Quote the whole listing word for word. Do not include the pictures.

-------- Data excerpt

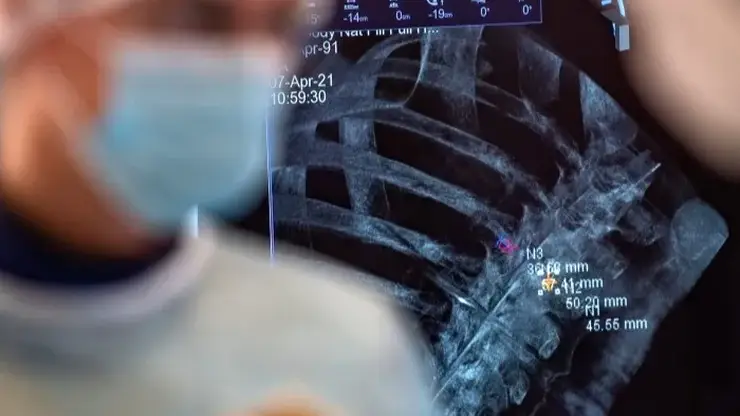 В Приморье создали нейросеть, которая поможет врачам выявлять рак легких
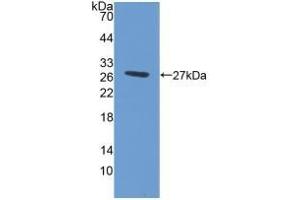 Detection of Recombinant ABCG1, Human using Polyclonal Antibody to ATP Binding Cassette Transporter G1 (ABCG1) (ABCG1 antibody  (AA 79-312))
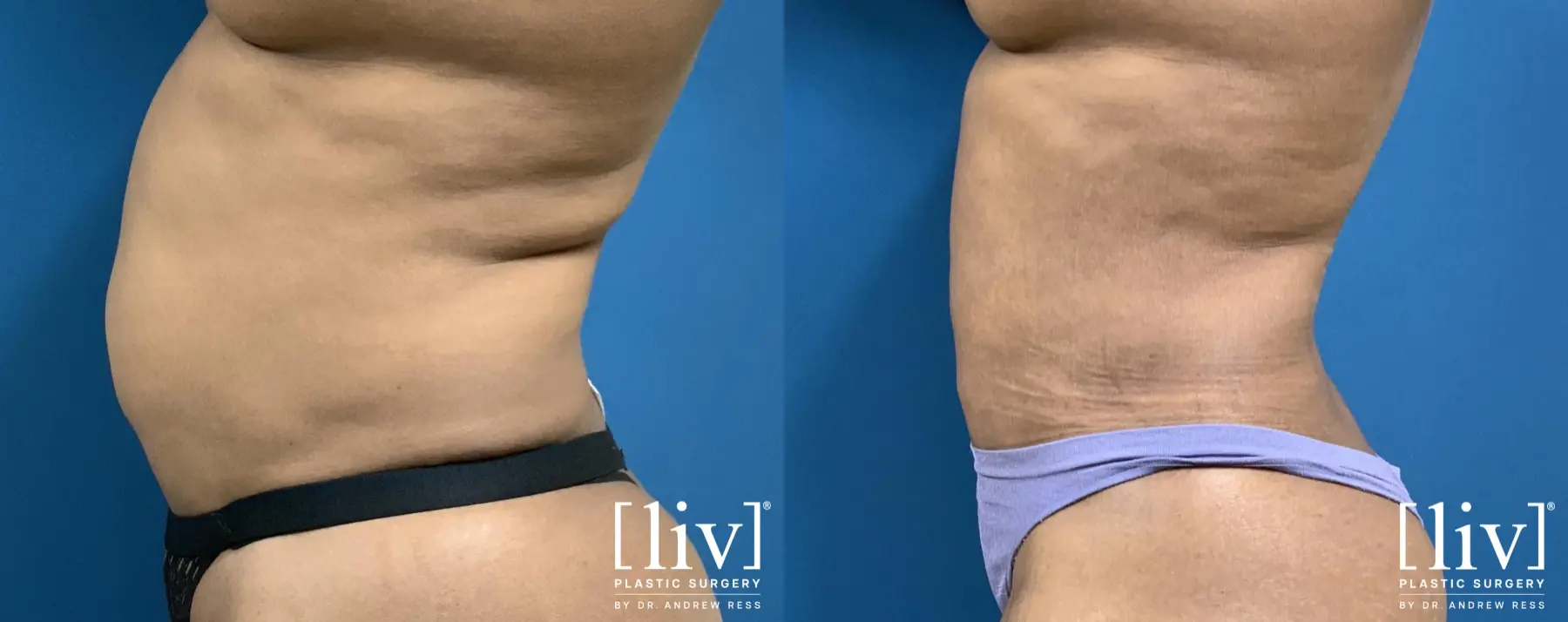 Liposuction: Patient 26 - Before and After 3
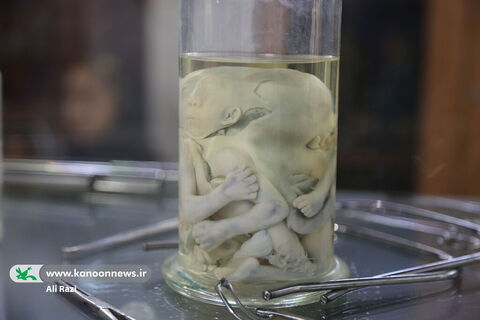 آلبوم تصویری بازدید اعضا نوجوان کانون استان بوشهر از موزه ی تاریخ پزشکی خلیج فارس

----------------

## [Exercise solution]
 В Приморье создали нейросеть, которая поможет врачам выявлять рак легких
 Detection of Recombinant ABCG1, Human using Polyclonal Antibody to ATP Binding Cassette Transporter G1 (ABCG1) (ABCG1 antibody  (AA 79-312))
 Liposuction: Patient 26 - Before and After 3
 آلبوم تصویری بازدید اعضا نوجوان کانون استان بوشهر از موزه ی تاریخ پزشکی خلیج فارس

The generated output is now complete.